%%

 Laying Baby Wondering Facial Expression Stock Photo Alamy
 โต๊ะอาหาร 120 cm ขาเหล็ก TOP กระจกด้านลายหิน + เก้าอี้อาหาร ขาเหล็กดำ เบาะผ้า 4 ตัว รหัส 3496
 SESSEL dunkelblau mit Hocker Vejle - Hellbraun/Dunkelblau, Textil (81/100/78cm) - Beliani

%%
%%

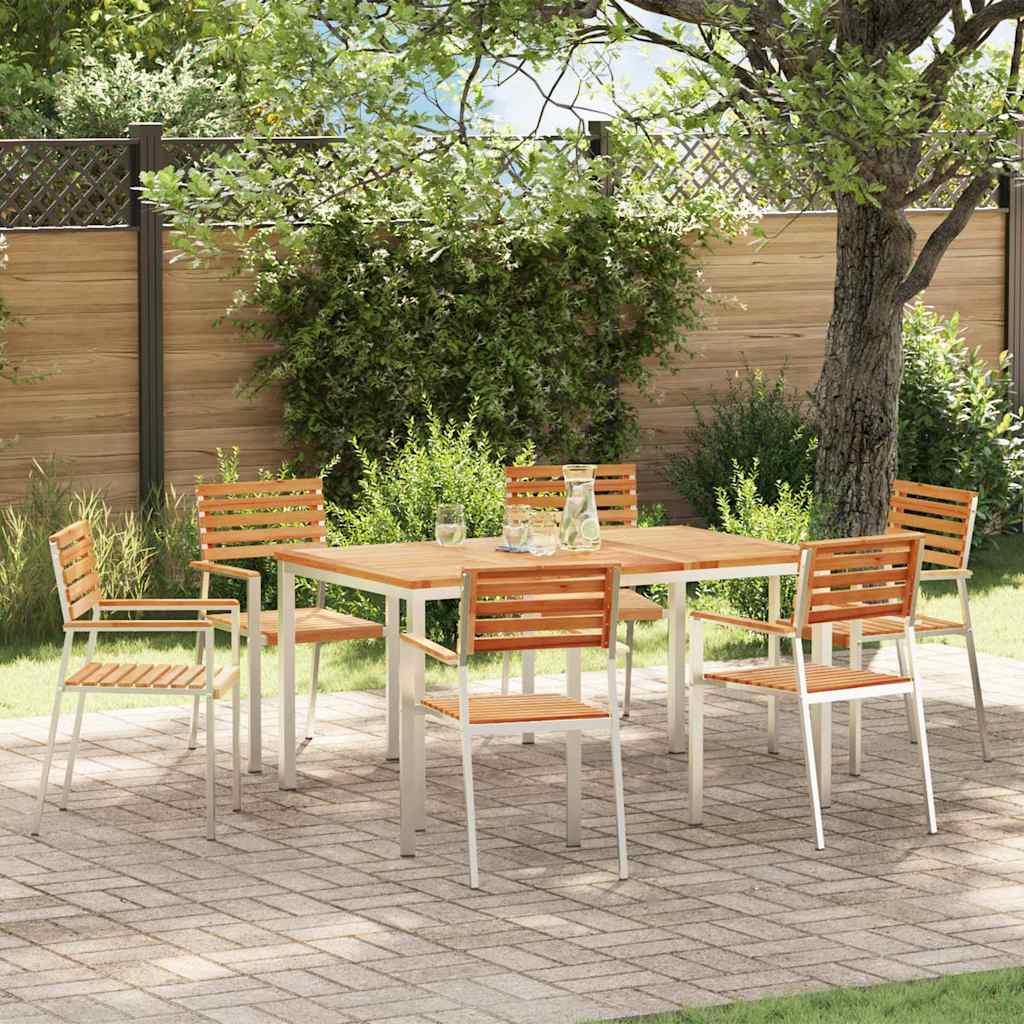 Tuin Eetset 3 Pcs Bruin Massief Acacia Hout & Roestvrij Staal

%%

Exercise aim - Above are the records; print exactly the lines from the line with "โต๊ะอาหาร 120 cm" to the line with "SESSEL dunkelblau mit", including both, and nothing else.

Solution -
 โต๊ะอาหาร 120 cm ขาเหล็ก TOP กระจกด้านลายหิน + เก้าอี้อาหาร ขาเหล็กดำ เบาะผ้า 4 ตัว รหัส 3496
 SESSEL dunkelblau mit Hocker Vejle - Hellbraun/Dunkelblau, Textil (81/100/78cm) - Beliani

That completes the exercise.